You say: “To grossly oversimplify, there is a world of difference between a judge asking questions during arguments that reveal his thinking, and making those comments after the case has been submitted in public forums. In the court, both sides are present, and during opening or rebuttal, can address the point. Additionally, parties can submit supplemental briefing, such that all judges can review them. Your solo comments at AALS would have likely gone unnoticed, but for my tweets. There is no formal mechanism to submit supplemental briefs for an extrajudicial comment.” That’s an amusing comment. You are saying that your tweets generated controversy over my comments. Therefore you must like generating gratuitous controversy. And there is no need for a “formal mechanism to submit supplemental briefs for an extrajudicial comment.” We frequently receive supplemental briefs based on extrajudicial information or argument. And the comments of mine that you quote or paraphrase to generate controversy had mainly to do with the question whether the only valid form of statutory interpretation is interpretation of the intentions and understandings of the legislators who passed the statute. I believe the answer is no, a position I defend at length in a forthcoming book. (The example I like to give is the Sherman Act, passed in 1890. For the last thirty years or so the Act has been interpreted in the light of current understandings of the economics of competition and monopoly. Those understandings did not exist in 1890. Therefore interpretation of the Sherman Act today is not interpretation of the original understanding of it.) I don’t know what you think about theories of statutory interpretation.

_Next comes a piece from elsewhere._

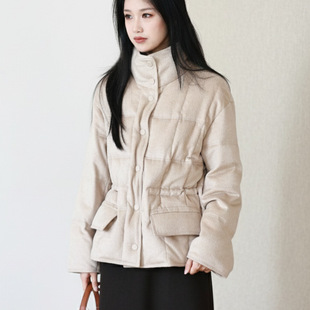 奢暖驼绒绢丝90%白鹅绒短款羽绒服复古立领收腰外套轻便保暖冬女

You mention my having asked Eskridge: “What do you think about the lesbian case”? (i.e., Hively) or equivalently “What do you think of the lesbian case”? You refer without specificity to my “surreal” remarks; does that comment apply just to my Eskridge questions or to everything that I said that you quote? I wonder too, given how bad the acoustics at the conference were for those participating by telephone (Katzmann and I), how accurate your quotations are.
You note that I said I “thought it odd that Eskridge would think the [Hively] case a close one.” And you say “Whether the case is close or not is a matter for the en banc court, not something that should be discussed online.” What is true is that the en banc court will decide the case. But given Eskridge’s strong identification with the gay-rights movement, the natural expectation would be that he would support the plaintiff. Hence the oddity: merely mentioned, not discussed.
Suppose I had said at oral argument that Professor Eskridge’s extensive writings on homosexual rights provided strong support for Hively’s case. Would that have been improper? Surely not. Judges at oral argument are constantly throwing such curve balls at the litigants, often revealing how they are likely to vote in a case by their questions and comments. Is that improper? If so, the entire Supreme Court will have to be impeached. If it isn’t improper, why was my asking Eskridge what he thought about the case improper? Granted, he wasn’t a lawyer in the case, but he was far more knowledgeable than any of the lawyers, hence more worth listening to.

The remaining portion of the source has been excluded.